The Wernick Family Record of Remembrance: From Shtetl to Tucson
1918-1926: Ida Orlinsky and Alex Wernick
1918, Alex Wernick, front row, third from left
Alex always had a kind word and big smile for everyone
On October 5, 1918, while stationed at Fort Ethan Allen in Vermont, Alex wrote a letter to his friend, Hyman Karp. He encouraged Hyman, who had been rejected for military service, to support the war effort through the purchase of Liberty Bonds. The letter also includes a vivid description of Vermont's fall foliage. The lack of grammatical or spelling errors is remarkable for a man with only 3-4 years of formal schooling. During the following half-century, Dr. Hyman Karp was with them and their families through many trials and tribulations. He was not only their friend but their advisor and respected physician.

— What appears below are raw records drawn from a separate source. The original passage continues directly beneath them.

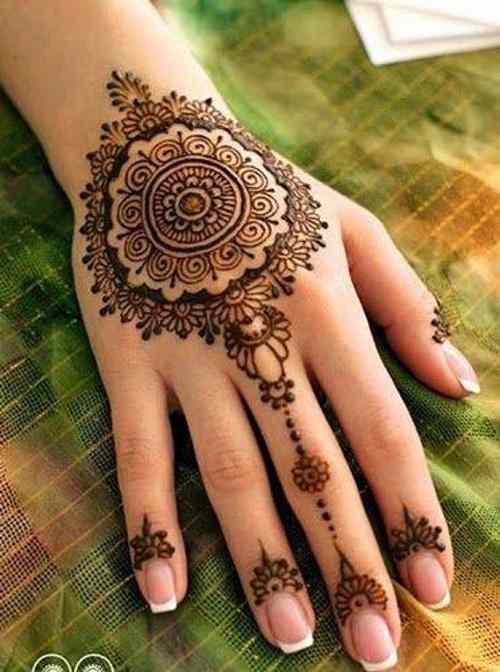 Simple circle Mehndi designs for back hand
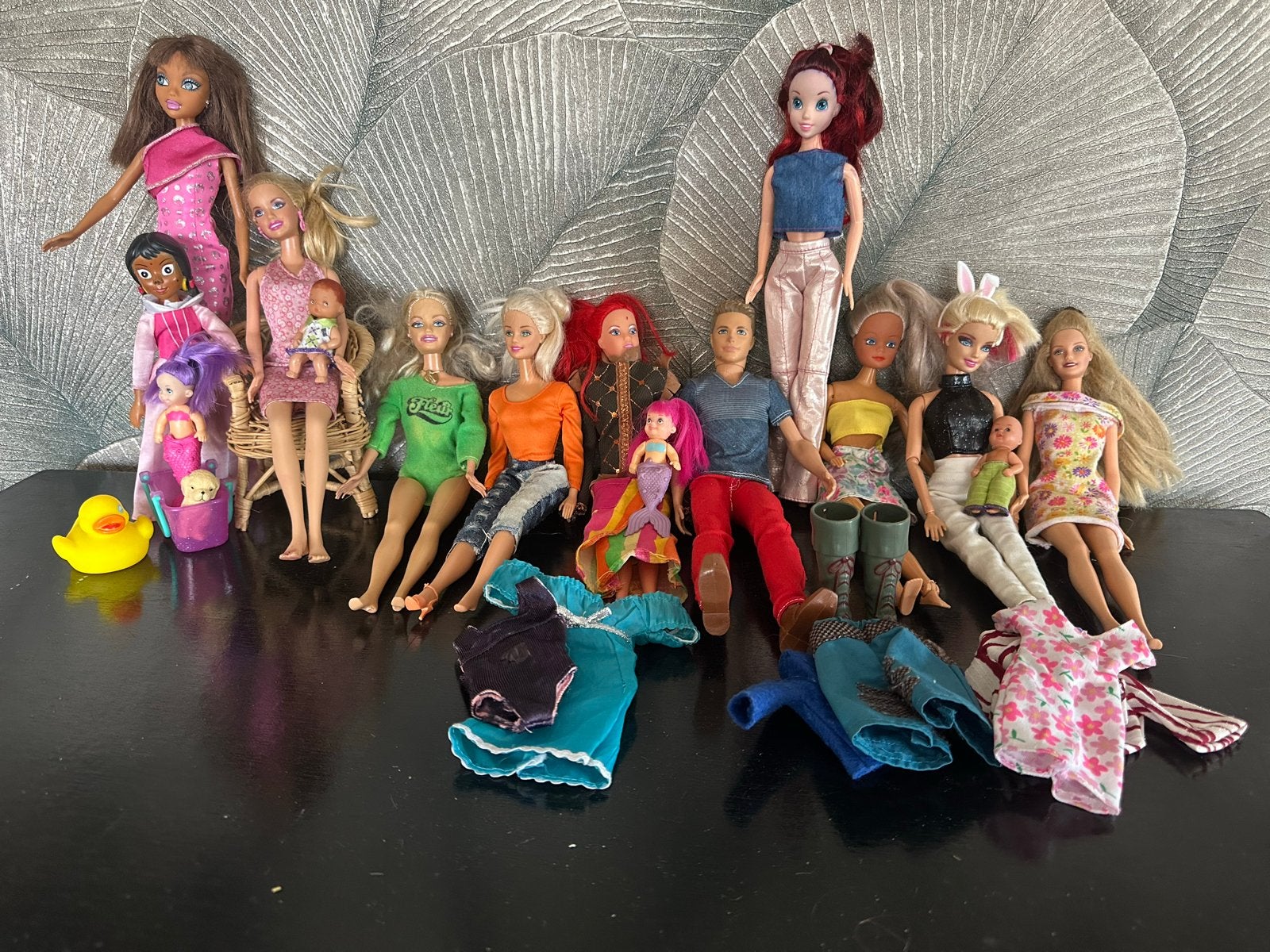 Barbie’s poppen 1 man 1 stoel wat kjnderen ect, Ophalen of Verzenden, Gebruikt, Overige typen
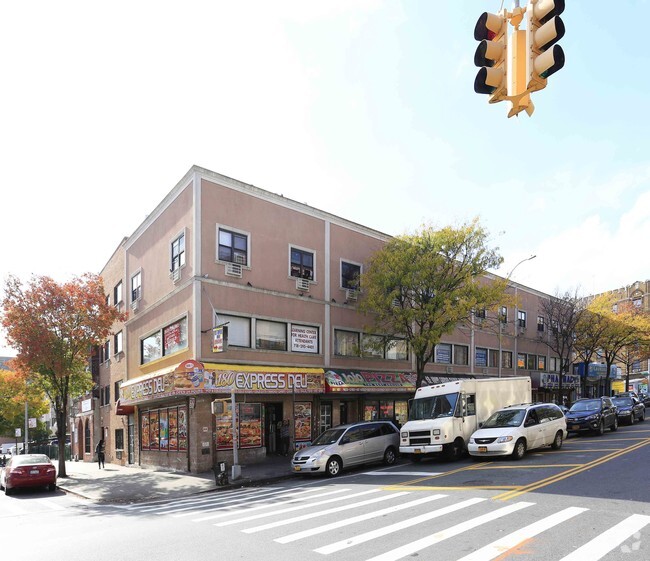 Primary Photo - 906 E 180th St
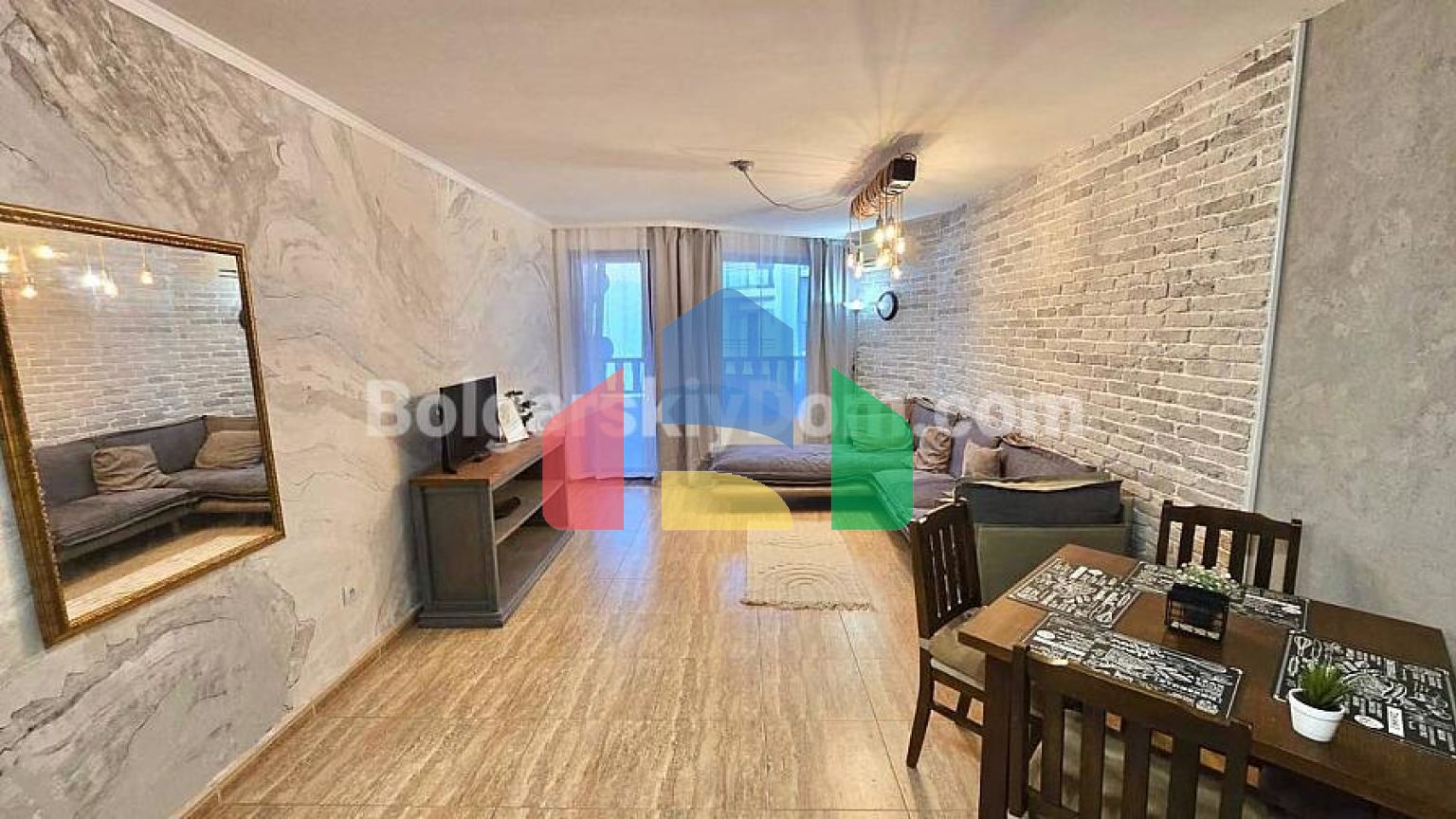 Двокімнатна квартира в Марина Діневі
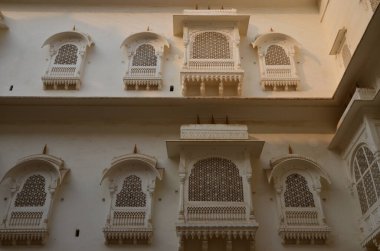 Bikaner, Rajasthan 'daki Junagarh kalesinin iç avlusunun pencereleri.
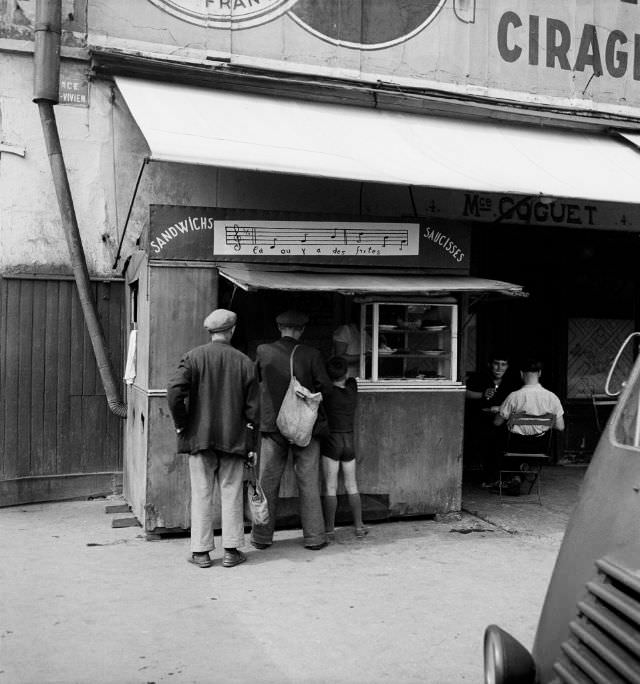 Place Saint-Vivien, Rouen, September 1951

Alex was honorably discharged on April 8, 1919. In 1920, he was issued a license to "Hawk, Peddle and Vend Merchandise, and to sell by auction his own Goods, Wares, etc." During the next five years, Alex worked primarily in his parents' store, serving as the store's technician - laying linoleum floors for their customers. He also became a postman and delivered US. Mail.
He remained at home and continued to contribute to the support of his family until his brother and his sisters completed their education. The sisters completed high school, business school, and some college - and one became a grade school teacher. Brother Willie studied dentistry, and for more than 40 years Dr. Wolf Wernick conducted his dental practice at 1707 St. Johns Place, Brooklyn, NY. His first office was located on the level above the family's store. Years later, after the store was closed, his dental office was moved to the lower level of the building. It was in "Uncle Willie's" dental office - in fact, right in the patients' chair - that lessons in algebra, geometry, and trigonometry were given to his many nieces and nephews.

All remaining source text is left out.